/Flaubert

Unsupervised Language Model Pre-training for French

Primary LanguagePythonOtherNOASSERTION

Flaubert and FLUE

Flaubert is a a French BERT trained on a very large and heterogeneous French corpus. Models of different sizes are trained using the new CNRS (French National Centre for Scientific Research) Jean Zay supercomputer. This repository shares everything: pre-trained models (base and large), the data, the code to use the models and the code to train them if you need.

Along with Flaubert comes FLUE: an evaluation setup for French NLP systems similar to the popular GLUE benchmark. The goal is to enable further reproducible experiments in the future and to share models and progress on the French language.

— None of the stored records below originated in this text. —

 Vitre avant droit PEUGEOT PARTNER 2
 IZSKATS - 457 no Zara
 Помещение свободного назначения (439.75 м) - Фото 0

This repository is still under construction and everything will be available soon.

Table of Contents

1. Using FlauBERT
    1.3. Use FlauBERT with Hugging Face's transformers
2. Pretraining FlauBERT
    2.1. Data
    2.2. Training
3. FLUE
    3.1. Text Classification
    3.2. Paraphrasing
    3.3. Natural Language Inference
    3.4. Constituency Parsing
    3.5. Word Sense Disambiguation

4. Citation

Using FlauBERT

Using FlauBERT with Hugging Face's transformers

A Hugging Face's transformers compatible version of FlauBERT-BASE is available for download here, in an archive named xlm_bert_fra_base_lower.tar.

Setup:

wget https://zenodo.org/record/3567594/files/xlm_bert_fra_base_lower.tar
tar xf xlm_bert_fra_base_lower.tar

Then, you can use the following lines of code:

import torch
from transformers import XLMModel, XLMTokenizer
modelname="xlm_bert_fra_base_lower" # Or absolute path to where you put the folder

# Load model
flaubert, log = XLMModel.from_pretrained(modelname, output_loading_info=True)
# check import was successful, the dictionary should have empty lists as values
print(log)

# Load tokenizer
flaubert_tokenizer = XLMTokenizer.from_pretrained(modelname, do_lowercase_and_remove_accent=False)

sentence="Le chat mange une pomme."
sentence_lower = sentence.lower()

token_ids = torch.tensor([flaubert_tokenizer.encode(sentence_lower)])
last_layer = flaubert(token_ids)[0]
print(last_layer.shape)
#torch.Size([1, 5, 768])  -> (batch size x number of tokens x transformer dimension)

Pretraining FlauBERT

Data

Dependencies

You should clone this repo and then install WikiExtractor, fastBPE and Moses tokenizer:

git clone https://github.com/getalp/Flaubert.git
cd tools
git clone https://github.com/attardi/wikiextractor.git
git clone https://github.com/glample/fastBPE.git
git clone https://github.com/moses-smt/mosesdecoder.git

Data download and preprocessing

In the following, replace $DATA_DIR, $corpus_name respetively with the path to the local directory to save the downloaded data and the name of the corpus that you want to download among the options specified in the scripts.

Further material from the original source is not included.